Caption-style text data:
• • • •

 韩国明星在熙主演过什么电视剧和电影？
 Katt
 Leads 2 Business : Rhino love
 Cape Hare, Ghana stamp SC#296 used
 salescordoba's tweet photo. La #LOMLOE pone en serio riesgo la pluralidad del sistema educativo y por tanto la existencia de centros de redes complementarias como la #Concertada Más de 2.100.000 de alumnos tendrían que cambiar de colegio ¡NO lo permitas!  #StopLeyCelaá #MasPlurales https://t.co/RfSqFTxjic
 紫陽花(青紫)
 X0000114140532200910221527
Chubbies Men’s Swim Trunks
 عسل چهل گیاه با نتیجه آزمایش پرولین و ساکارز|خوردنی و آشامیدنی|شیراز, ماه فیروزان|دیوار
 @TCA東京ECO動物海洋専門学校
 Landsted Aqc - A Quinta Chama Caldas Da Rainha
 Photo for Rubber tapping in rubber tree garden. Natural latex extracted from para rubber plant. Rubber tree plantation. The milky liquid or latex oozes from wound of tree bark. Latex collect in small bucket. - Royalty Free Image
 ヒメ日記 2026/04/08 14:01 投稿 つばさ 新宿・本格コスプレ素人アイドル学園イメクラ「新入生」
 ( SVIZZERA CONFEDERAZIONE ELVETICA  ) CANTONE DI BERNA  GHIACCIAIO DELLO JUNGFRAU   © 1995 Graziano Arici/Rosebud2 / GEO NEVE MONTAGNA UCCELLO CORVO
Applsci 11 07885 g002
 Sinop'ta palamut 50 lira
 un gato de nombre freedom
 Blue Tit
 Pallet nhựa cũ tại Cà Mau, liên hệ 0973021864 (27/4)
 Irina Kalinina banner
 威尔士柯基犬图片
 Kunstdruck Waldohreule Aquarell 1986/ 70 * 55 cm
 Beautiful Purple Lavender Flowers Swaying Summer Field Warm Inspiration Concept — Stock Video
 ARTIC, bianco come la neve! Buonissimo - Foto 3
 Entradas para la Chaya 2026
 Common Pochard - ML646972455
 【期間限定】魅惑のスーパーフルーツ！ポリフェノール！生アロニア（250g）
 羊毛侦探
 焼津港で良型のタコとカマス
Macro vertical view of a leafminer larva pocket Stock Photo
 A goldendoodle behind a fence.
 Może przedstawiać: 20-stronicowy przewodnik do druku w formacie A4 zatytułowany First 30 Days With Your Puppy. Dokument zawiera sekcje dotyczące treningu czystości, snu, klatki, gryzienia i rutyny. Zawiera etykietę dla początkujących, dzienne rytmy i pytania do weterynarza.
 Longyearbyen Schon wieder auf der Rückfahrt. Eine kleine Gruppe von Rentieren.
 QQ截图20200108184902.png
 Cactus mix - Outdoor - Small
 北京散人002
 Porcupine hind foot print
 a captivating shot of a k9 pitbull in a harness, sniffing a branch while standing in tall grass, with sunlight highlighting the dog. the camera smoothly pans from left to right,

• • • •

TASK PROMPT: Every record is to be repeated exactly as written.

YOUR SOLUTION:
 韩国明星在熙主演过什么电视剧和电影？
 Katt
 Leads 2 Business : Rhino love
 Cape Hare, Ghana stamp SC#296 used
 salescordoba's tweet photo. La #LOMLOE pone en serio riesgo la pluralidad del sistema educativo y por tanto la existencia de centros de redes complementarias como la #Concertada Más de 2.100.000 de alumnos tendrían que cambiar de colegio ¡NO lo permitas!  #StopLeyCelaá #MasPlurales https://t.co/RfSqFTxjic
 紫陽花(青紫)
 X0000114140532200910221527
Chubbies Men’s Swim Trunks
 عسل چهل گیاه با نتیجه آزمایش پرولین و ساکارز|خوردنی و آشامیدنی|شیراز, ماه فیروزان|دیوار
 @TCA東京ECO動物海洋専門学校
 Landsted Aqc - A Quinta Chama Caldas Da Rainha
 Photo for Rubber tapping in rubber tree garden. Natural latex extracted from para rubber plant. Rubber tree plantation. The milky liquid or latex oozes from wound of tree bark. Latex collect in small bucket. - Royalty Free Image
 ヒメ日記 2026/04/08 14:01 投稿 つばさ 新宿・本格コスプレ素人アイドル学園イメクラ「新入生」
 ( SVIZZERA CONFEDERAZIONE ELVETICA  ) CANTONE DI BERNA  GHIACCIAIO DELLO JUNGFRAU   © 1995 Graziano Arici/Rosebud2 / GEO NEVE MONTAGNA UCCELLO CORVO
Applsci 11 07885 g002
 Sinop'ta palamut 50 lira
 un gato de nombre freedom
 Blue Tit
 Pallet nhựa cũ tại Cà Mau, liên hệ 0973021864 (27/4)
 Irina Kalinina banner
 威尔士柯基犬图片
 Kunstdruck Waldohreule Aquarell 1986/ 70 * 55 cm
 Beautiful Purple Lavender Flowers Swaying Summer Field Warm Inspiration Concept — Stock Video
 ARTIC, bianco come la neve! Buonissimo - Foto 3
 Entradas para la Chaya 2026
 Common Pochard - ML646972455
 【期間限定】魅惑のスーパーフルーツ！ポリフェノール！生アロニア（250g）
 羊毛侦探
 焼津港で良型のタコとカマス
Macro vertical view of a leafminer larva pocket Stock Photo
 A goldendoodle behind a fence.
 Może przedstawiać: 20-stronicowy przewodnik do druku w formacie A4 zatytułowany First 30 Days With Your Puppy. Dokument zawiera sekcje dotyczące treningu czystości, snu, klatki, gryzienia i rutyny. Zawiera etykietę dla początkujących, dzienne rytmy i pytania do weterynarza.
 Longyearbyen Schon wieder auf der Rückfahrt. Eine kleine Gruppe von Rentieren.
 QQ截图20200108184902.png
 Cactus mix - Outdoor - Small
 北京散人002
 Porcupine hind foot print
 a captivating shot of a k9 pitbull in a harness, sniffing a branch while standing in tall grass, with sunlight highlighting the dog. the camera smoothly pans from left to right,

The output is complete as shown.